Dün oldukça zorlu bir gün geçirdim. Bali’nin sarıp sarmalayan sıcacık enerjisinden sonra yaşadığım zorluklar beni biraz salladı. Bali havalimanında yolun ortasında durup çığlık attığımı söyleyeyim size. Evet bildiğiniz çığlık. İç hatlar – dış hatlar arası koştururken iç hatlar terminalinin bahçesinde koşturmaktan yorulan bedenim durdu ve gökyüzüne bakarak isyankar bir çığlık attı. Sonra da garip bakışlar arasında hiç birşey olmamış gibi sakince yoluna devam etti.

Bloğu takip edenler bilir bir hayli zorlu başlamıştı bu seyahatim. Yanardağ patlaması, uçamayan uçaklar, vize sorunları vs. Bali’ye varana kadar bir çok testten geçtim. Bazı noktalarda durup ‘hadi ama ak artık’ diye mırıldandığım zamanlar oldu. Uzun bir yolculuğun ardından Bali’ye ayak basar basmaz tüm şefkati ile sarıp sarmaladı beni. Bütün zorlukları unutturdu.

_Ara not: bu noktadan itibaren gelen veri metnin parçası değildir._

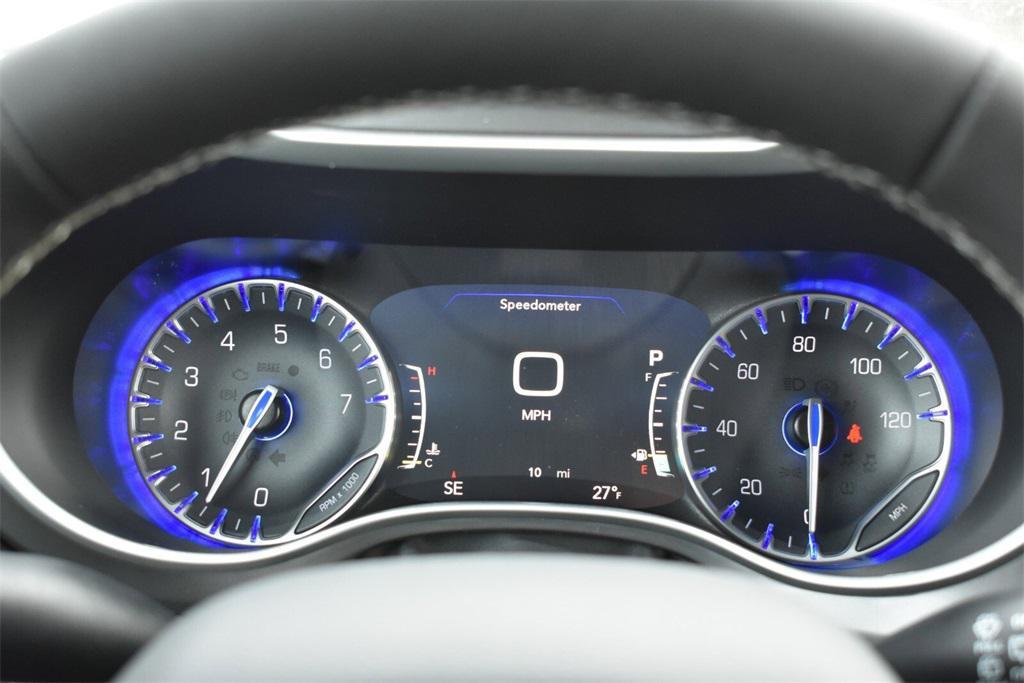 new 2026 Chrysler Voyager car, priced at $39,353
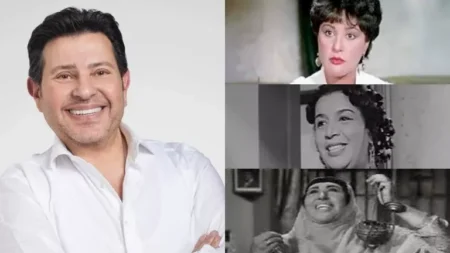 ابنة خالته معالي زايد.. تعرف على العائلة الفنية لـ هاني شاكر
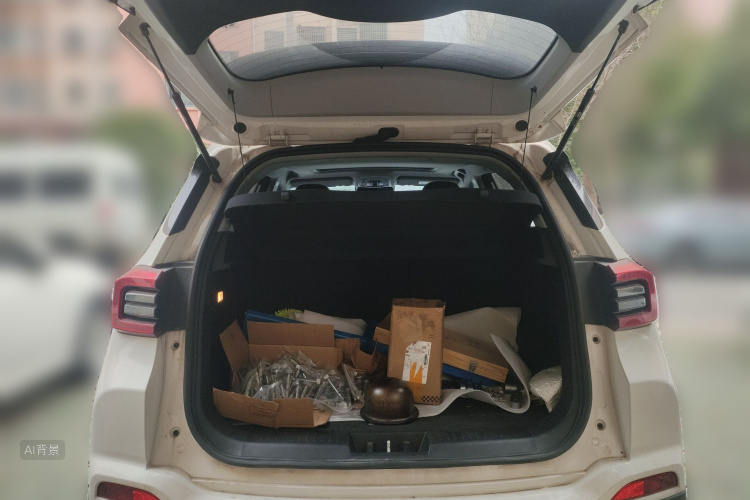 Chery Tiggo 5x 2021 #21 Chery Tiggo 5x 2021 car image #21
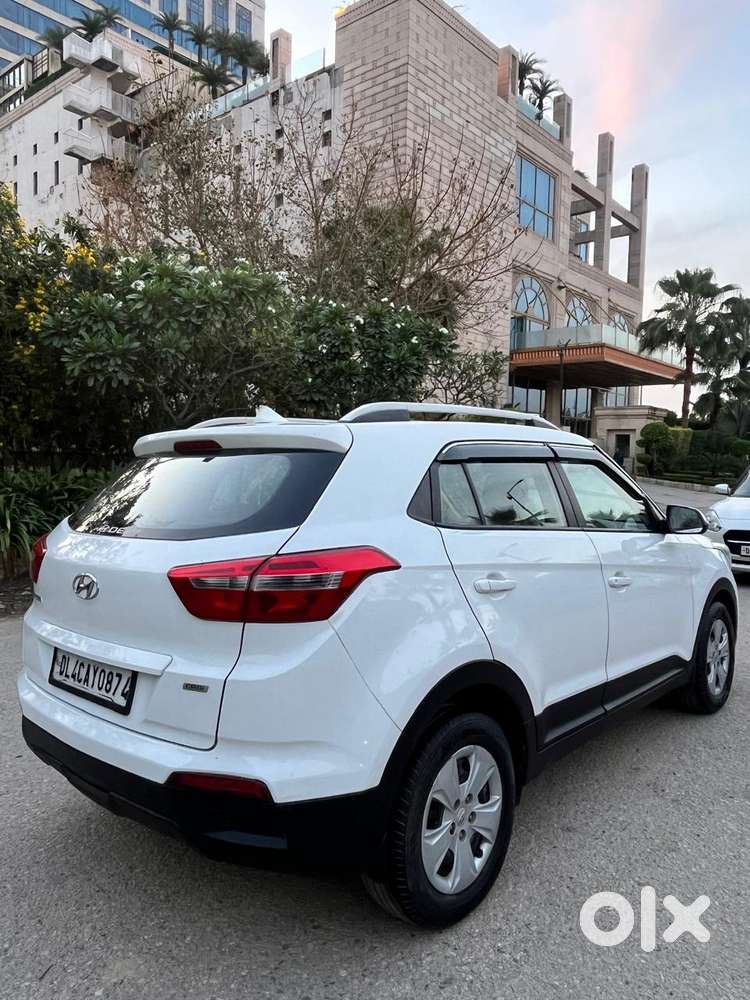 Hyundai Creta 1.4 E Plus Crdi, 2018, Diesel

Çok güzel anılarım oldu. Hiç unutamayacağım hayatlarına dokunduğum insanlar, her gün başka bir özelliğini farkettiğim ben, doğa ile kucak kucağa meditasyonlar… Bu güzel bir aydan sonra evet artık yeni bir enerji için hazırım derken seyahatin başında yaşadığım zorlukların devede kulak kaldığı bir gün geçirdim. Bankadan çekemediğim para, değiştiremediğim uçak bileti, gelemeyen taksi, bir gün aştığımı söyledikleri vize… Uzun uzun hepsinin yazmak istemiyorum ama bir talihsizlikler silsilesi beni salladı. Ve evet, sonra havalimanının bahçesinde durup çığlık atınca (sesim duyulmak istemiş demekki) rahatladım. Adımlarımı normalleştirip akışa bıraktım kendimi. Demek ki Bali’de kalmam gerekiyor burada huzurum yerindeydi derken ilk İstanbul çıkışım aklıma geldi. Korkular… Yine korkmuştum. Yaşadıklarım beni konfor alanımda tutmaya çalışıyordu. Yeni bir adım atmak, bilmediğim bir yöne doğru ilerlemek ürkütmüştü beni. Bütün bunları belki daha uygun bir zamanda daha uzun yazarım.

Zorlu günün ardından bu sabah güneş ile birlikte uyandım otel odama serdiğim matımın üzerinde güneşin ilk ışıklarını selamladım ve tekrar yolda olmanın verdiği başka bir huzur kapladı içimi.

Şimdi başka bir yolculuğun içinde yolun keyfini çıkarmaya çalışıyorum. Yarın sabah sağ sağlim varırsam Koh Phangan’dan sevgiler yollayacağım size. Kalbim açık ve heyecan dolu. Bangkok Souther otobüs terminalinde selamlar.